В Кремле узнали о бегстве Петра только к концу дня 8 августа Ранним утром Софья в сопровождении отряда стрельцов пошла «на службу» в Казанский собор и только по возвращении, после роспуска стрельцов по слободам, ей сообщили о случившемся в Преображенском.

Возникло два вооруженных лагеря: один находился в Кремле, где в распоряжении Софьи находились стрелецкие полки; другой – в Троице-Сергиевом монастыре с ничтожной вооруженной опорой. Дальнейшие события развивались так, что Софья постепенно утрачивала свой перевес, а Петр его приобретал.

9 августа от имени Петра старшему брату, Ивану, и правительнице Софье была направлена грамота, потребовавшая объяснений причин скопления стрельцов в Кремле 7–8 августа. Софье пришлось оправдываться: первоначально она, дескать, намеревалась отправиться в Донской монастырь, а затем передумала и посетила Казанский собор. Лучшим выходом из создавшейся ситуации Софья считала примирение со сводным братом И в этом направлении предприняла несколько шагов.

13 августа правительница направила к Троице боярина Ивана Борисовича Троекурова с поручением уговорить Петра вернуться в Москву. Троекуров вернулся ни с чем. Затем в монастыре появился «дядька» царя Ивана с таким же поручением, исходившим уже не от Софьи, а от царя. Боярин Петр Иванович Прозоровский тоже не добился успеха.
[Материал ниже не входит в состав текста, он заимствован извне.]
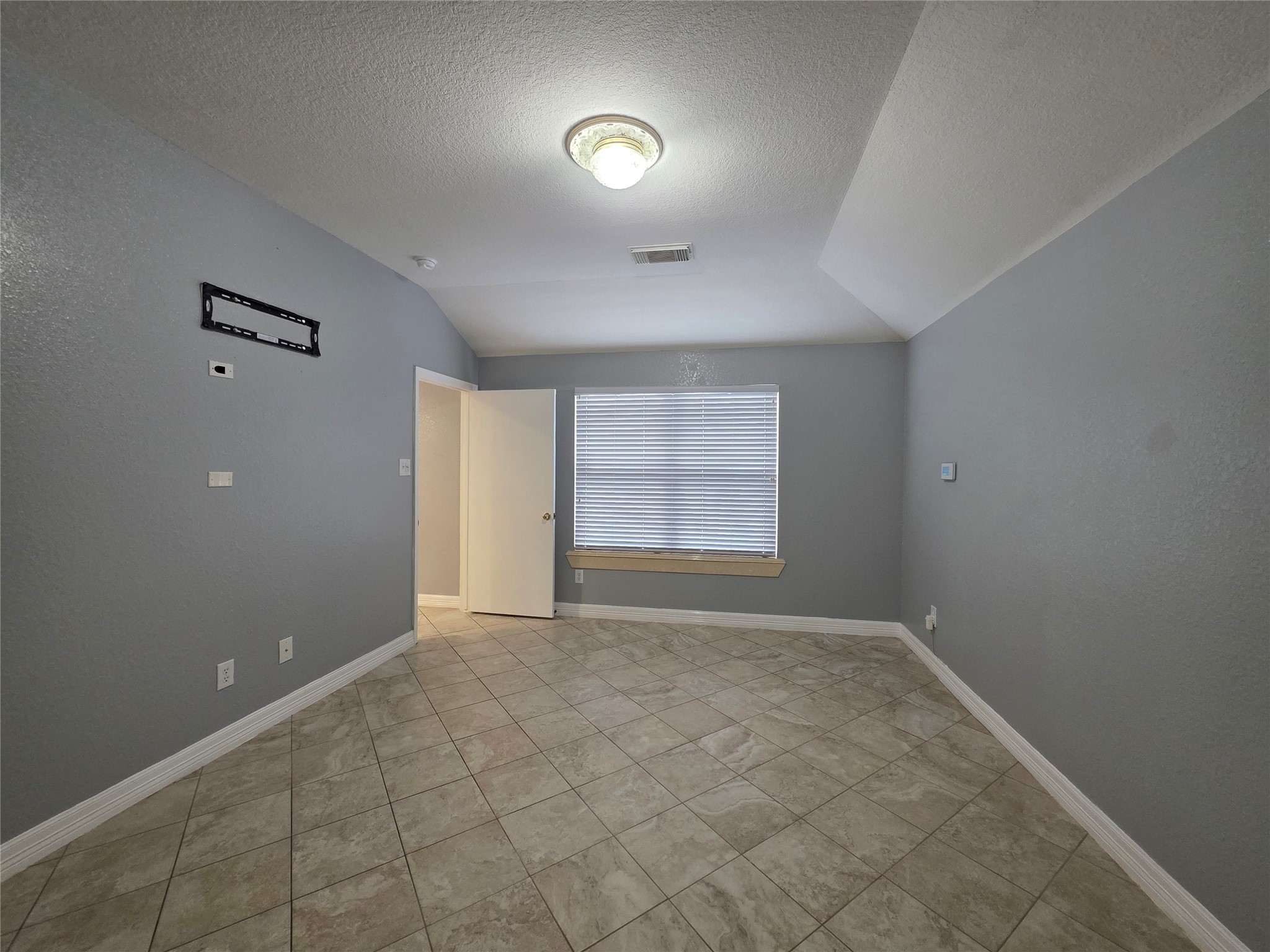 5614 Eagle Landing Houston, TX 77085 - Photo 8 of 28 a view of an empty room with a window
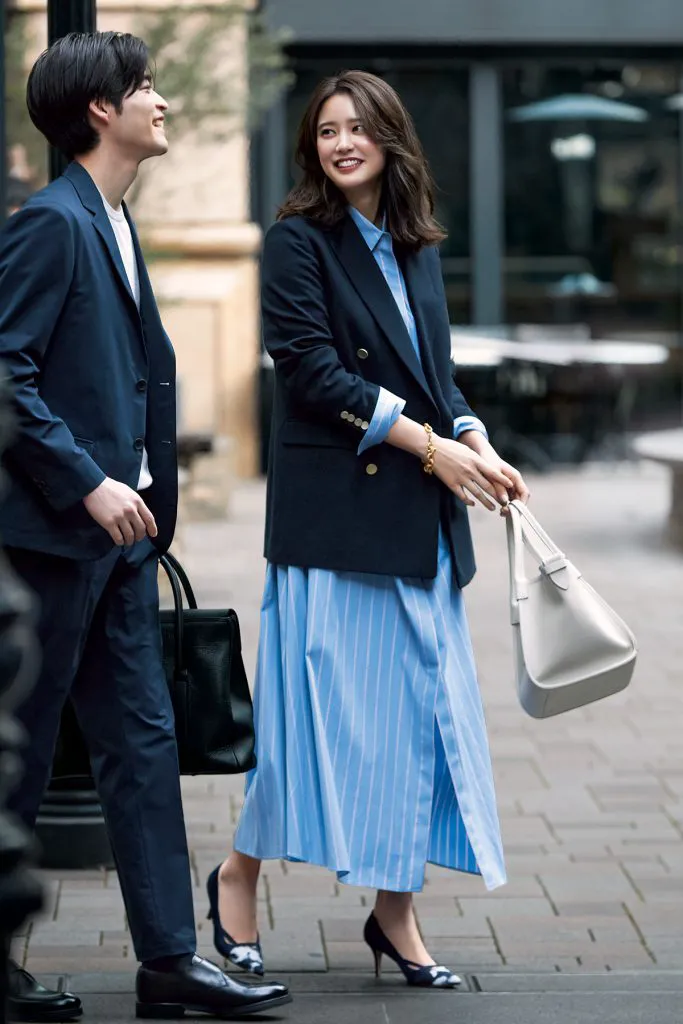 ブルーのストライプシャツワンピース、ジャケット、ヒールを合わせた女性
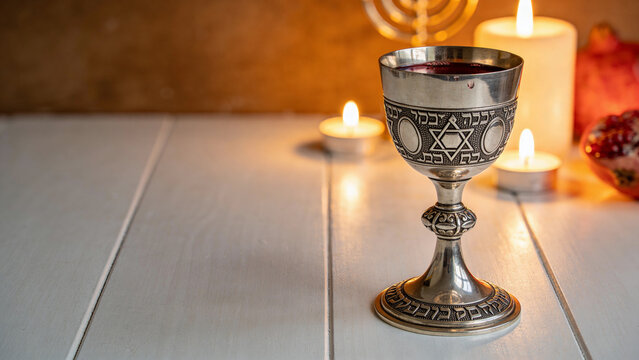 Traditional Jewish kiddush cup with Star of David and candles for Shabbat or Hanukkah celebration
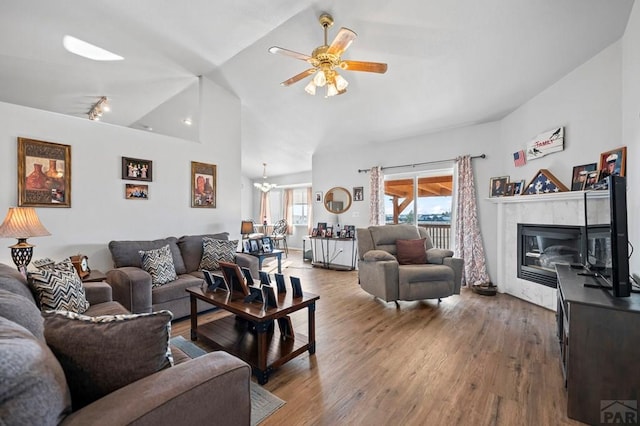 living area featuring high vaulted ceiling, ceiling fan, a premium fireplace, and wood finished floors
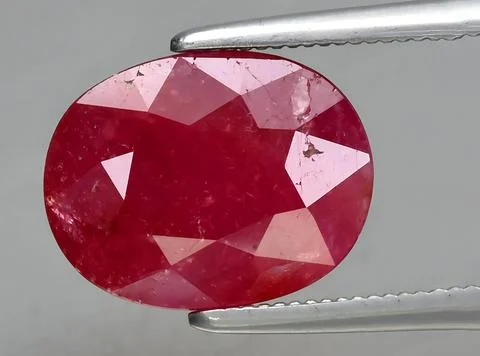 Natural red ruby gem on the background Stock Photos
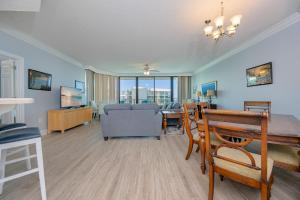 a living room with a table and a dining room at Phoenix on the Bay 1409 condo in Orange Beach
Тогда царевна решила воспользоваться услугами Иоакима, но тот, симпатизируя Петру, остался при нем.

Наконец царевна решилась на последний шаг: 27 августа после молебна в Успенском соборе и посещения Воздвиженского и Чудова монастырей она сама в сопровождении бояр отправилась к Троице, но в пути получила от спальника Петра Ивана Даниловича Гагина предписание вернуться в Москву. Софья ослушалась и продолжала свой путь. В селе Воздвиженском, что в 10 верстах от Троице-Сергиева монастыря, к ней прибыл посланец Петра боярин Иван Борисович Троекуров с требованием вернуться в Москву и с угрозой, что в противном случае с нею будет поступлено «нечестно». Софье пришлось повиноваться 31 августа она возвратилась в столицу, заявив стрельцам. «Чуть меня не застрелили. В Воздвиженском прискакали на меня многие люди с самопалами и луками. Я насилу ушла и поспела к Москве в 5 часов».
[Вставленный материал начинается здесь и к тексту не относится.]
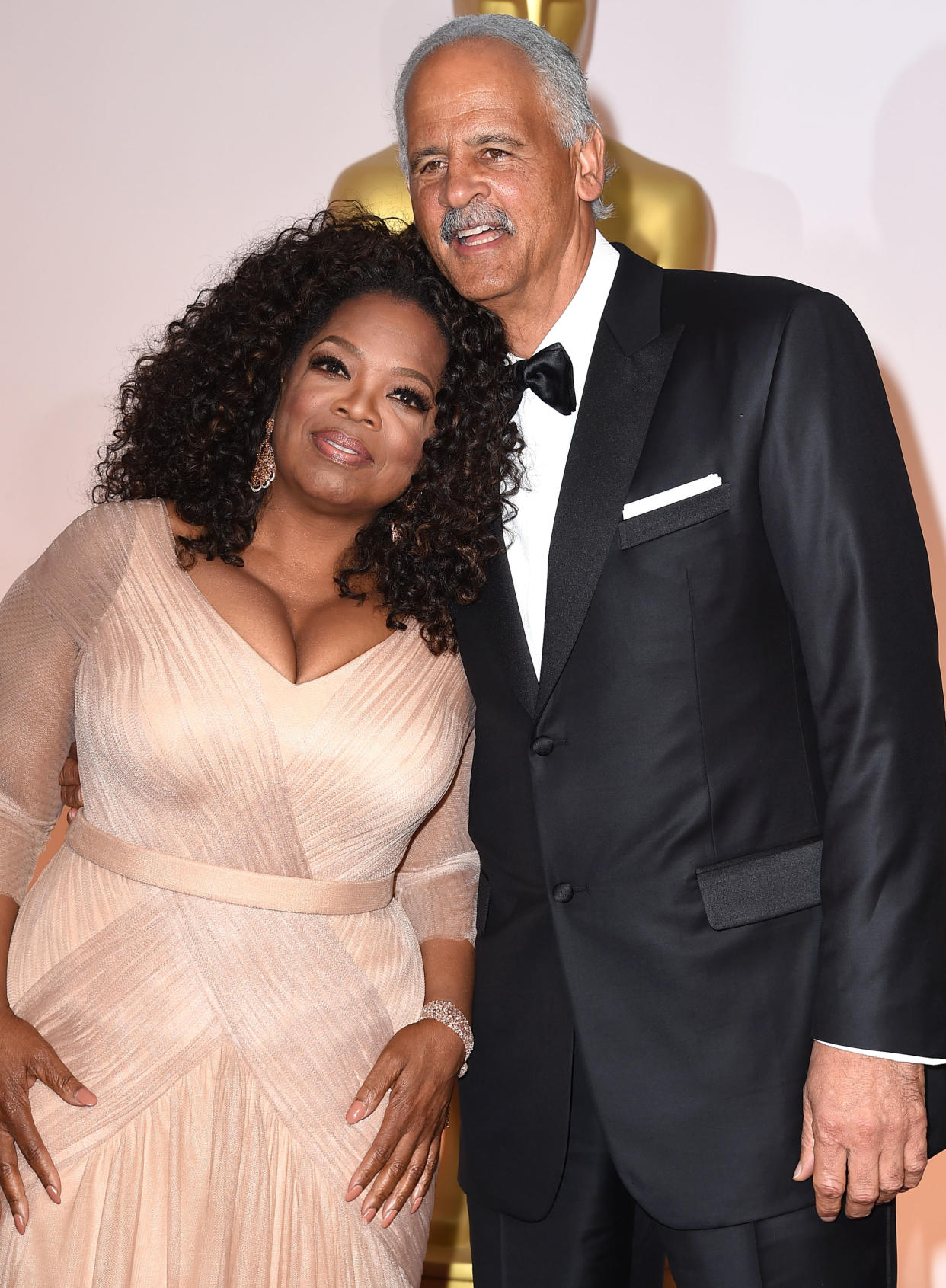 Oprah Winfrey and Stedman Graham smile as they arrive at the Vanity Fair Oscar party in 2015, but that isn’t good tabloid material. They look too happy! (Photo: Steve Granitz/WireImage)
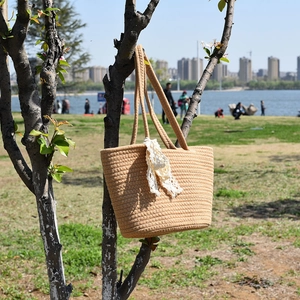 Handwoven khaki straw shoulder bag with white lace ribbon detail for beach vacations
Софья отчаянно боролась за власть. Она просит поддержки, жалуется на Петра, на Нарышкиных и на Бориса Голицына. Софья обвиняет их в злых умыслах против нее. Угрозы и обещания наград перемешаны в ее пылких речах с перечислением своих заслуг, в основном мнимых. Любопытно, что царевна больше всего напирает на успехи во внешней политике: «Всем вам ведомо, как я в эти семь лет правительствовала, учинила славный вечный мир с христианским соседним государством, а враги креста Христова от оружия моего в ужасе пребывают». Такими доводами Софья вряд ли могла воодушевить своих сторонников. Все помнили о позорном провале крымских походов.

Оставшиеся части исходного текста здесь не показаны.